## Exercise
Please reproduce the listing in its entirety, exactly as written, but without images.

## Data block
============================================================
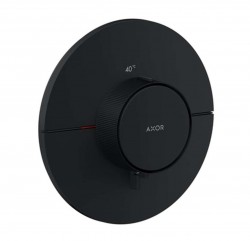 AXOR - ShowerSelect ID Termostatická baterie pod omítku, HighFlow, matná černá (36759670)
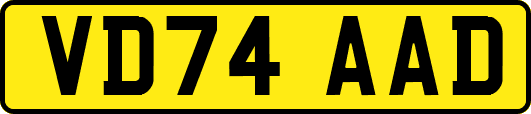 VD74AAD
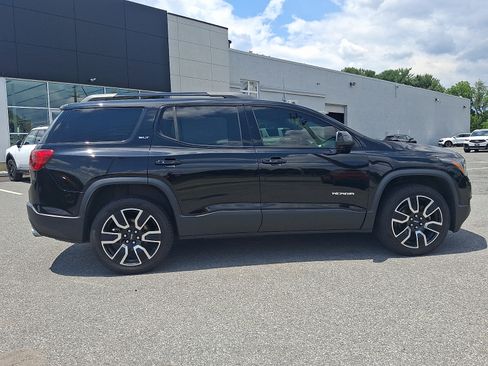 Used 2019 GMC Acadia SLT w/ Black Edition AWD/4WD image 7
============================================================
## Exercise answer
 AXOR - ShowerSelect ID Termostatická baterie pod omítku, HighFlow, matná černá (36759670)
 VD74AAD
 Used 2019 GMC Acadia SLT w/ Black Edition AWD/4WD image 7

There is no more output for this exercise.